The National Weather Service said it could continue pounding us for a good four hours.

By 11 o’clock, the Woodcliff Lake reservoir had passed 92 1/2 feet, less than 2 1/2 feet below flood stage — this after it had dropped all the way to 90.6 feet before dawn.

Below, in Hillsdale and Westwood, people hoped for the best as floodwaters crept again onto the streets of Harding Avenue beginning a little after 9 o’clock. The Kings Supermarket parking lot on Washington Avenue was flooded, as were several surrounding roads.



BULLETIN: A carbon monoxide leak from an overheated generator forced the Westwood Fire Department to evacuate and ventilate a building at the Roxbury condominium complex (r.) in the middle of Tuesday night’s rainstorm.

“So far OK but far from out of [the] woods,” Westwood resident Judi Salkin Stagg reported just after 11.

Westwood’s Karolina Marin, who keeps close watch on the reservoir’s water levels, smelled trouble, however:

“[I]f we judge by the discharge per second at the entry [Park Ridge side], and the discharge per second at Westwood, it seems that all water entering is leaving,” she reported just after 10:45.

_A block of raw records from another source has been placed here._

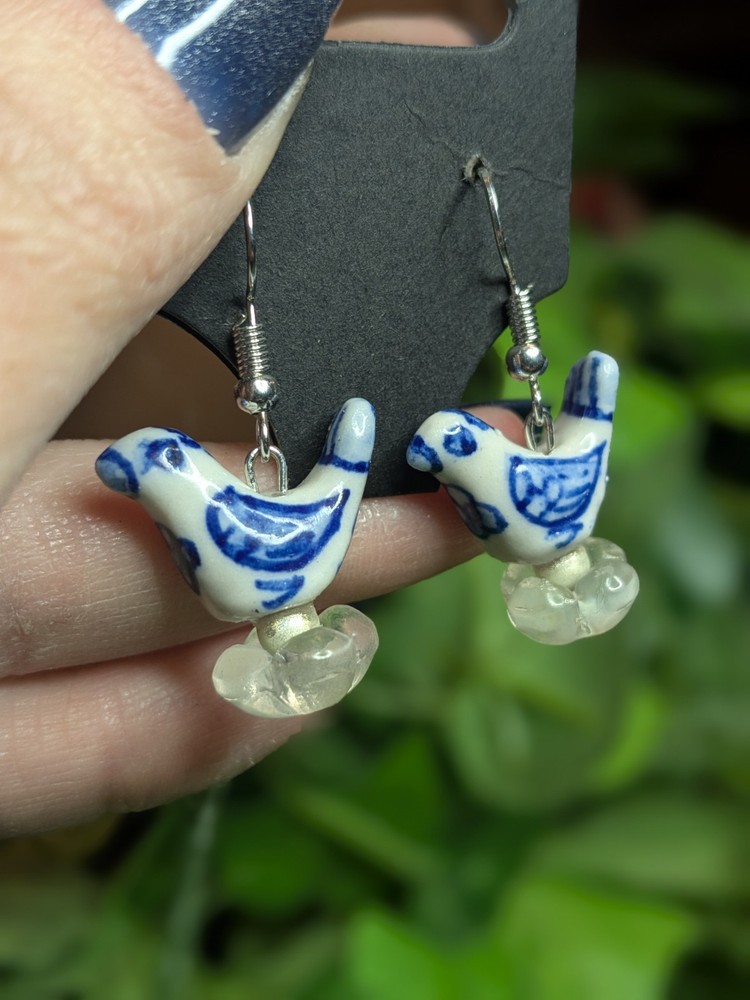 Blue Porcelain Bird Dangle Earrings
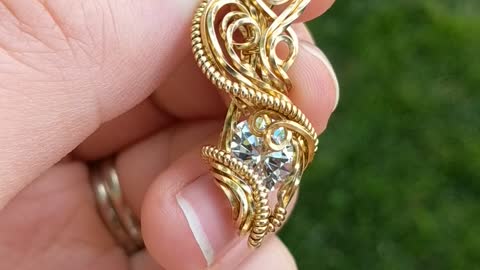 CZ and Jeweler's Brass Wire Wrap Necklace
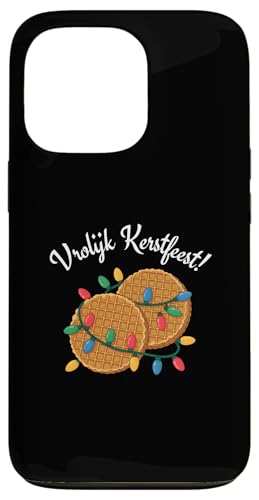 Stroopwafel holandés Feliz Navidad Vrolijk Kerstfeest Carcasa para iPhone 13 Pro
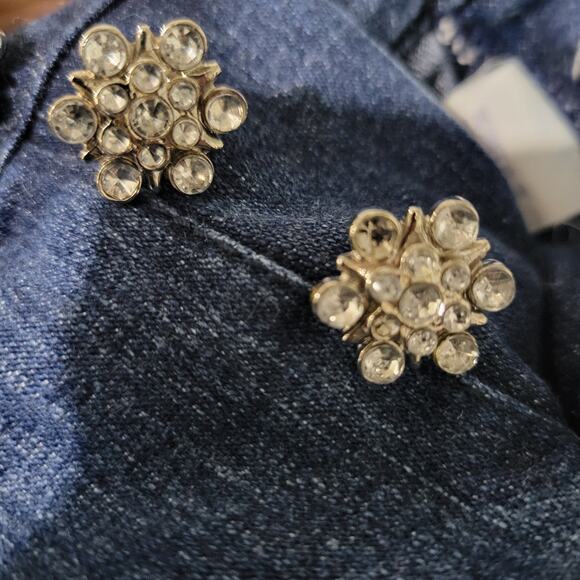 Vintage Tommy Hilfiger Button Fly Jeans Blue Flare Rhinestone Low Rise Retro 2 - Picture 9 of 16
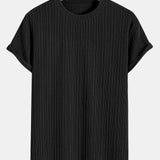 Muscle Fit Ribbed Arc Hem T-Shirt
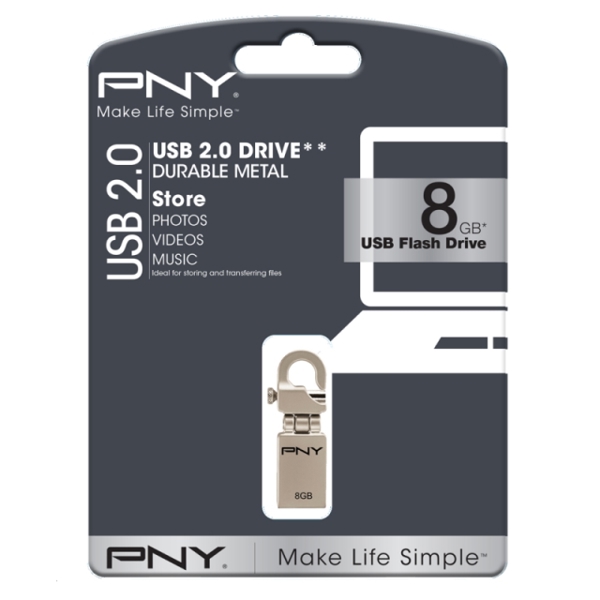 USB ფლეშ მეხსიერება PNY Metal design with hook system 8GB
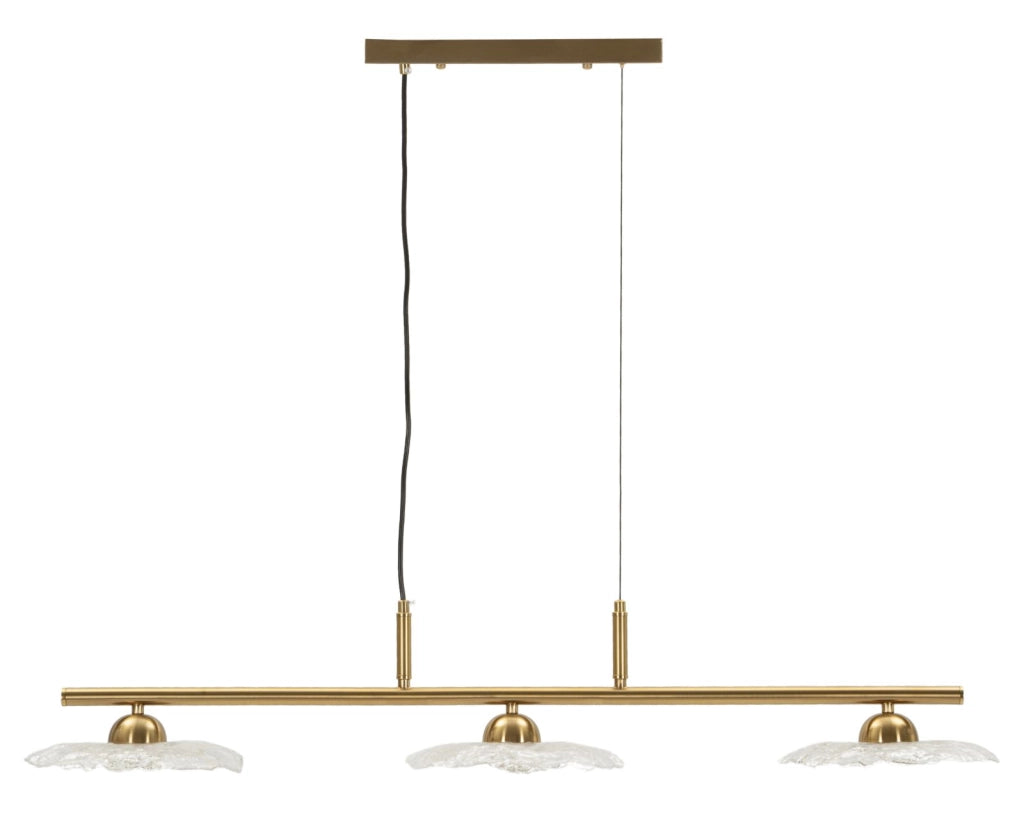Lampadario Emily 3 Luci Glam - Struttura in Metallo Oro e Vetro Trasparente, Design Moderno e Luminoso, Attacco E27 - 100x24x18 cm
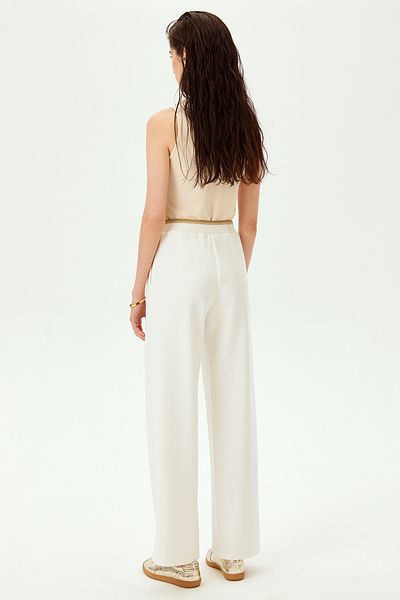 Allyco Ribbed Detailed Elastic Waist Regular Knitted Trousers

That threatens more flooding, she said.


The only positive that folks in both towns could cling to (and it isn’t much): The Pascack Brook passed flood stage before 10 p.m. but still had a foot more to go before becoming a severe hazard.

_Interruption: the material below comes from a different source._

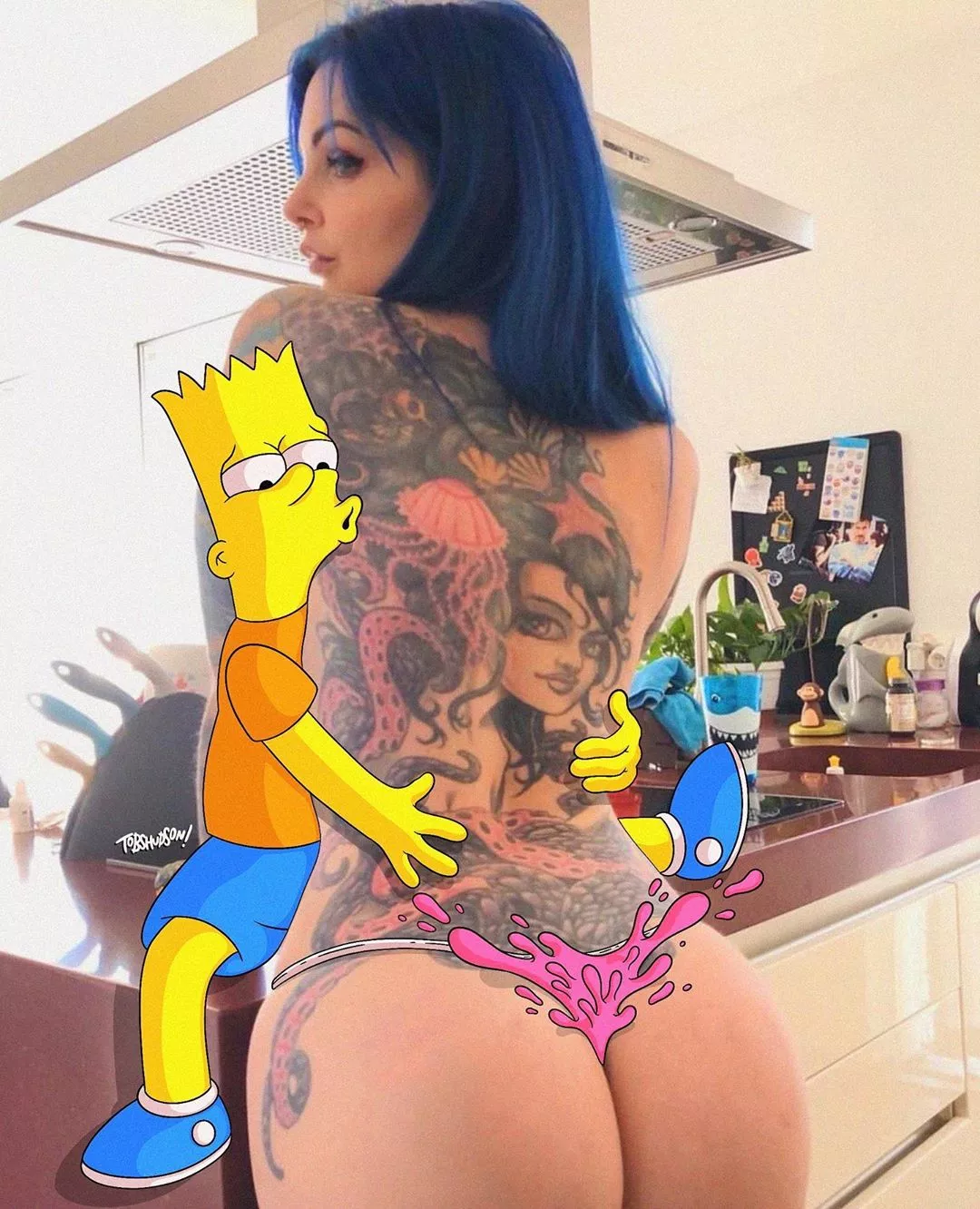 look at that beautiful ass🤤💙, bart you're very lucky
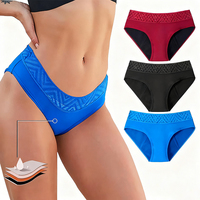 Culotte menstruelle en dentelle de bambou antibactérienne taille basse Culotte en coton confortable avec logo de taille de tissage tricoté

“This is becoming our new normal, and is not right,” Marin wrote around 10:30. “I want to cry and I can’t. Just piled sand bags in my entry door from the garage. My backyard already full. Rain just stopped.”

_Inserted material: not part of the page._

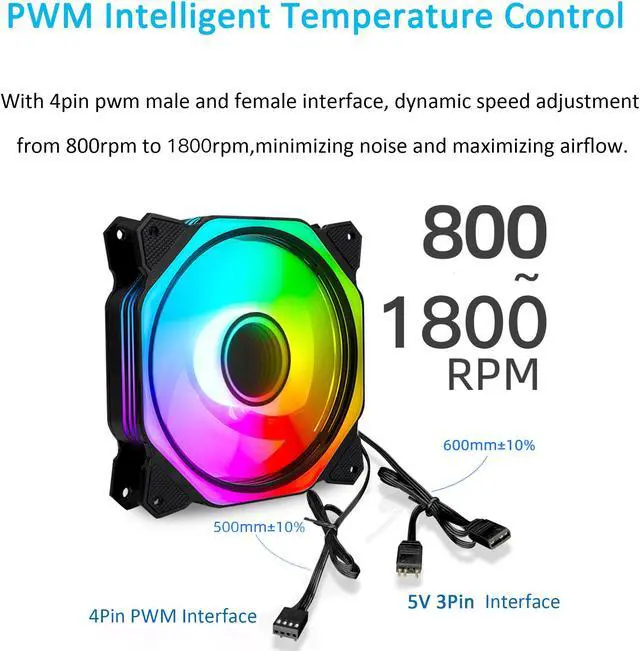 Alt view image 3 of 6 - PANO-MOUNTS 120mm RGB Fans 5V 3Pin Addressable RGB PWM PC Computer CPU Case Cooling Fan With SATA Adapter Cable 800-1800RPM 3-Pack Black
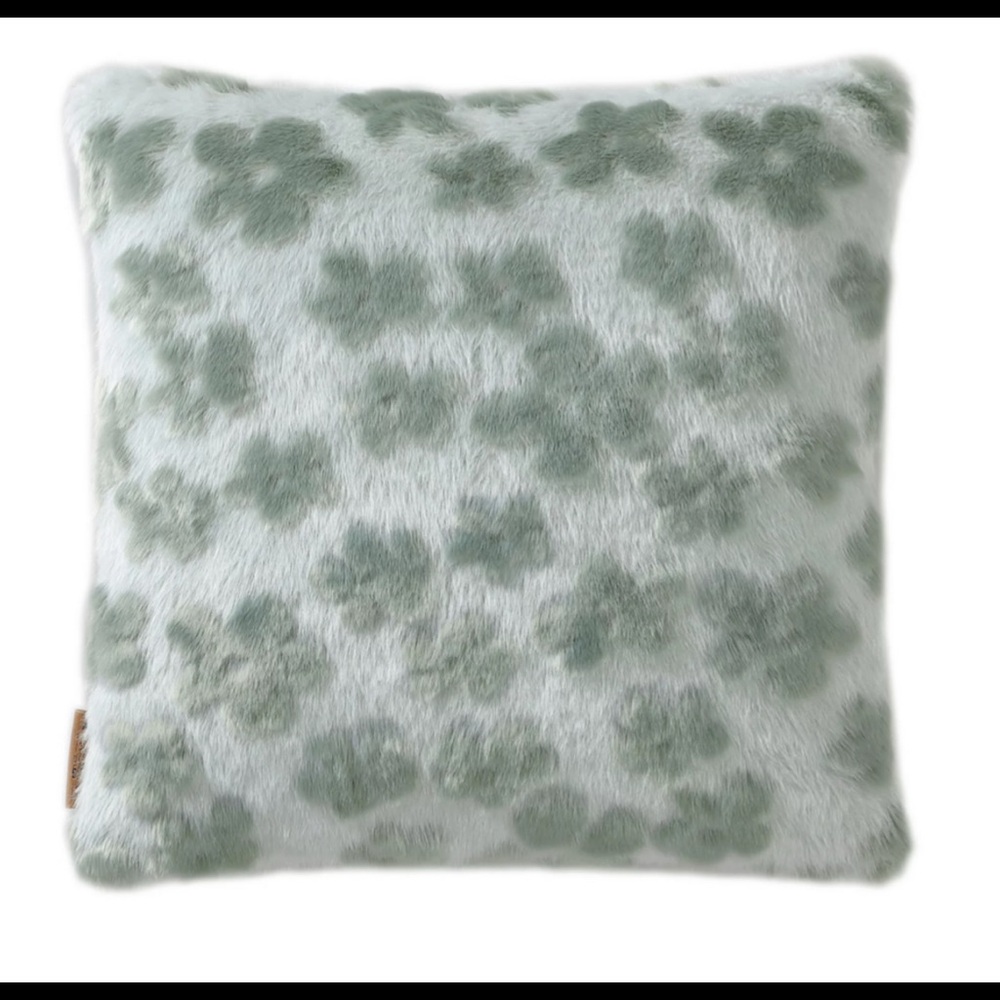 2️⃣ Koolaburra by UGG Fleur Faux Fur Throw Pillow COVERS ONLY 20 x 20 Aqua Gray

Meanwhile, her counterparts in Hillsdale cheered their council’s decision to participate in New Jersey’s “Blue Acres” program, which buys out homeowners and turns the land over to the municipality for rehabilitation. Several of the attendees heard the flood warnings and rushed home from the meeting.

“We’re now submitting a motion to Westwood” to try and convince its council to follow suit, a member of the citizens action group Flood No More told CLIFFVIEW PILOT.



Parts of North Jersey got upwards of 4 inches of rain in 22 hours, with more expected beginning around 2 in the morning.

The Hackensack River in New Milford began a steady rise at 4 a.m. Tuesday from just under two feet to nearly four feet. Flood level is 6 feet — but Hurricane Irene showed how helpless the area is when rivers in New York and the reservoir in Oradell overflow.

Meanwhile, the Passaic River, after dropping before dawn to its lowest level since Irene came to town, rose quickly from 5 1/2 to 7 1/5 feet by 10 p.m. — and was expected to continue to swell by a foot every 24 hours.

The Pompton River in Pompton Plains also cleared its 13-foot flood stage by 10 and was expected to hit 17 1/2 feet before Thursday morning’s rush hour.

In Mahwah, the Ramapo River surged to 7 1/2 feet from just under 5 feet only 24 hours earlier. The Saddle River in Mahwah was several inches short of flood stage.